Up in the Shropshire hills, the rain and gusts lick on the car roof, like they are trying to open a can made of something soft, inedible. It isn’t quite time yet, not for me – or someone like me – who has nowhere to go, or everywhere to be.
I didn’t sleep that night, still it is good that the spots on my back have disappeared now. He must have noticed, must have remembered. And silence can’t put its weight on me anymore; his silence, the calm of water dripping, the absolute stillness of white rose lights in the back of the car.

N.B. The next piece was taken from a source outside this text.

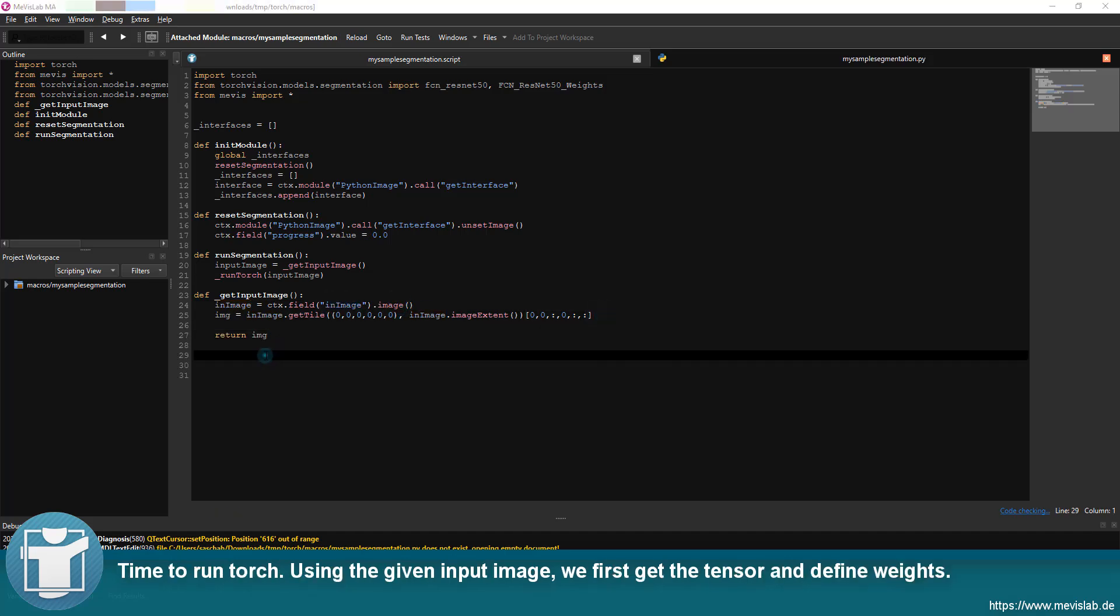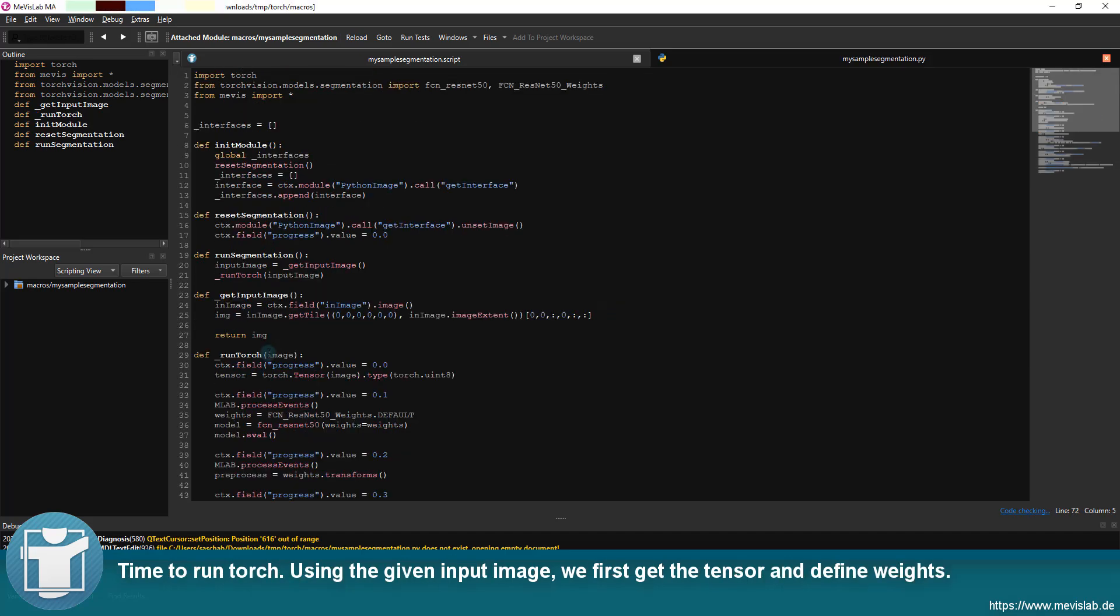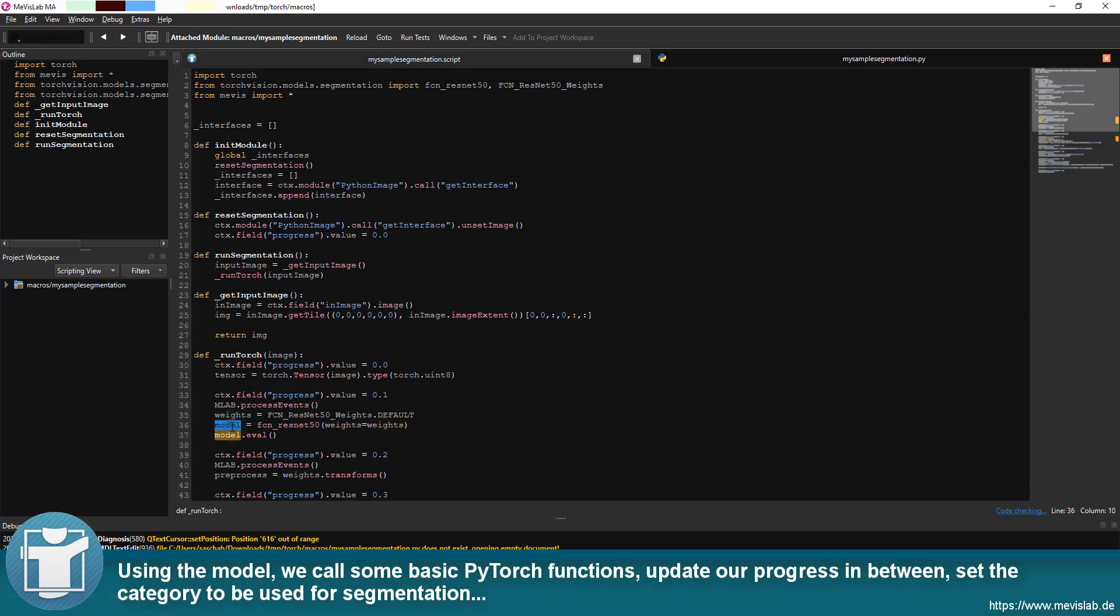Time to run Torch. Using the given input image, we first get the tensor and define weights. Using the model, we call some basic PyTorch functions.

As my hands turn the final page of the book at 1am, I remember: The first man I made love with was an Indian bridge engineer, and although I had not thought of this simple fact again after I left India fourteen years ago, it seems to have set rather a precedence for connections throughout my life thus far.
Sometimes I contemplate burning emotional bridges and use the remains to furniture my ego house, dramatic interior design très chic. Other times I allow bridges to collapse under their own weight, naturally, like the old merchant houses stretching across the Seine, never built to outlive their inhabitants.
Just for this last unicorn to wonder if there really is the bridge that is buzzing with life, vibrating, eminently developed and yet flexible – so not to subside – through crafted intellect and observation, as well as furnitured with the strangest curiosities, giving me a home that I always find interesting and comfortable enough to return to as I live a life of wandering between two sides.